Since the messages were so short, everyone had their own abbreviations and personal codes. Entire family sagas were boiled down to a few lines.

S&B BOY 2/3 ALL FINE: DAN BRCS OUT: SCCR FINAL CHAMPS: HSTN TRIP ON: BGSCRNTV

YR BDAY: CAR OK FALSE ALARM: YR MOM HERE FOR S&B: DAD GLFNG EVERYDY: BBQ FR SDY'S

ANNV….

Shirley and Ben had a baby boy on February third and everyone was doing fine. Their son Danny had his braces out. The Tigers soccer team won at finals, and as state champs they were going to Houston, Texas in March for the nationals. His wife had bought him a big-screen TV for his birthday, which was yesterday. Their car, which they thought had a problem with the transmission, was okay. But buried in that part of the message were the words
false alarm
. On the way down to the boat for this cruise they had discussed the car's repair problem. He had told his wife to get it fixed immediately, no matter what it cost. They thought that she was pregnant and that she would be needing reliable transportation the closer she got to her due date. But her pregnancy was a
false alarm.
His parents had come out to Honolulu for the birth of Shirley's baby. As expected, his dad went golfing every day. Sandy and Josh, their best friends, were having their eighth anniversary, and his wife threw a backyard BBQ for them…and more.

Familygrams were the high points of a crewman's week. Cutting them off would be a hardship.

There were a few raised eyebrows, but no one uttered a word. As the CO said, there were no options this time.

“The second item that you need to know was loaded aboard at Pearl. The two Tomahawks are TLAMs. Land-attack missiles. And they are nuclear.”

Someone whistled softly. Attack submarines very rarely carried nuclear weapons since the end of the cold war. No matter how perfect the fail-safe systems were, something could go wrong. Either the accidental launch of a nuke, or an accidental detonation of one aboard the submarine. It could possibly even happen while the submarine was in a friendly port.

The ramifications would be nothing short of catastrophic for the U.S.

“What are our targets, skipper?” Lieutenant Jablonski, their weapons officer, asked. His expression was unreadable, but he was not unhappy. Dr. Death was on the prowl, this time with the real thing.

“Pakistan's military command headquarters at Chaklala, and Chardar Air Force Base where their nuclear weapons assembly facility is located.” Dillon let that sink in. “We'll get authorization to release via ELF. It should be the only comms we receive for the duration.”
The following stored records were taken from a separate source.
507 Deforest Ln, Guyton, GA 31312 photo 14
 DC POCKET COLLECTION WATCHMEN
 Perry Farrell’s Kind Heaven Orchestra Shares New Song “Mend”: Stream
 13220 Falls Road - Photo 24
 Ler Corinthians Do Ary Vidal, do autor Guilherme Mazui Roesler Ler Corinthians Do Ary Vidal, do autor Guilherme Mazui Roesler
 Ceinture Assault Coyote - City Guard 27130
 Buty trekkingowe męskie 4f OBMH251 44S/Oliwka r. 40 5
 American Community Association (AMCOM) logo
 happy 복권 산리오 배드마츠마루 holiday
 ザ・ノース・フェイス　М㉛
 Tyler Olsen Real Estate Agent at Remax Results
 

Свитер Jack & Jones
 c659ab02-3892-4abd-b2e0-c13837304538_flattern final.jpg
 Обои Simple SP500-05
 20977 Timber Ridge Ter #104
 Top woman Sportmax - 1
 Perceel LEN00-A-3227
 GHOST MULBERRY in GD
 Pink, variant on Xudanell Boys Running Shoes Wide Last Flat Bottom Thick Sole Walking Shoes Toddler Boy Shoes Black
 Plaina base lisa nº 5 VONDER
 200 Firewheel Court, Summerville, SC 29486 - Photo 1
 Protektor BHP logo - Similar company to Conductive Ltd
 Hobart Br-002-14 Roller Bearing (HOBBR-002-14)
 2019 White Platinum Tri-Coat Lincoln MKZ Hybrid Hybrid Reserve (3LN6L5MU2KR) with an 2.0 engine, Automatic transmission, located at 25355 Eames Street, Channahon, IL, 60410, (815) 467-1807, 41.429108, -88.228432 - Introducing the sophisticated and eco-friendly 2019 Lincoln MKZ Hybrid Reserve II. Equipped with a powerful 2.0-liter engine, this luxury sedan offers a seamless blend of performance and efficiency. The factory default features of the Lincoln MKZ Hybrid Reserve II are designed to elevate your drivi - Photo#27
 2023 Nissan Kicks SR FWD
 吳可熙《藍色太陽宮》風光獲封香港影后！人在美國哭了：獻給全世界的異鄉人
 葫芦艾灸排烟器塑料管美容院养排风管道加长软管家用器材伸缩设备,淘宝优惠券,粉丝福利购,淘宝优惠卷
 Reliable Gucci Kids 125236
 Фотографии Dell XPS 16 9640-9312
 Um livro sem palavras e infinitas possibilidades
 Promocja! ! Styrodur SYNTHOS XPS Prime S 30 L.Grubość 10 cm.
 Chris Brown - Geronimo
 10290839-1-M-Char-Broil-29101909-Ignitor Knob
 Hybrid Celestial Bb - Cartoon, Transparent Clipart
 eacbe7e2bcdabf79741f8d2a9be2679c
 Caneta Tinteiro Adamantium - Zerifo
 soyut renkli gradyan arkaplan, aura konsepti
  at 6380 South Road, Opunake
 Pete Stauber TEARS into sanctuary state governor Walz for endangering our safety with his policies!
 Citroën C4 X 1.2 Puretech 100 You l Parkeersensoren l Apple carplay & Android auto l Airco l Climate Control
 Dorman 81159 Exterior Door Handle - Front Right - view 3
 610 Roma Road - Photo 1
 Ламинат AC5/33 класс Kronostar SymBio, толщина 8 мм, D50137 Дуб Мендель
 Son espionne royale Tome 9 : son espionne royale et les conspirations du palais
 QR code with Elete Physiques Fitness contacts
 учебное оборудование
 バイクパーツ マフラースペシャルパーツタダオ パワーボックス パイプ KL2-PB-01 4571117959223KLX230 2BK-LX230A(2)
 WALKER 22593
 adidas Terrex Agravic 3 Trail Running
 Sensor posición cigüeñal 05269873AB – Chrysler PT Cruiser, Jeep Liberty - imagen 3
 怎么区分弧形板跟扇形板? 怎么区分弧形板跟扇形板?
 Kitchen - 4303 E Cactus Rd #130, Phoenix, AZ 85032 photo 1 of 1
This was news to Bateman, who immediately understood the implication of their orders. ELF, or extremely low frequency, was a method for communicating with submarines while they were submerged. It was very slow; it took fifteen minutes to send one group of three letters. There was a lot of room for errors and miscommunications.

The president or secretary of state was going to tell the Pakistanis to back off. By developing a thermonuclear device, and by blatantly testing it aboveground, the balance of power between India and Pakistan had undergone a very large change, and the Pakistanis were thumbing their noses at their neighbor.

A war was possible, even likely, now.

The
Seawolf
, armed with nuclear weapons, was being sent out not only to make sure the
Jupiter
satellite and the
Discovery
astronauts fixing it weren't fired at, but to prevent such a war.

Seawolf
was going to be used as the ultimate “big stick.” The message from Washington to Islamabad would be precise: Deploy your nukes and Pakistan will be subject to immediate nuclear attack.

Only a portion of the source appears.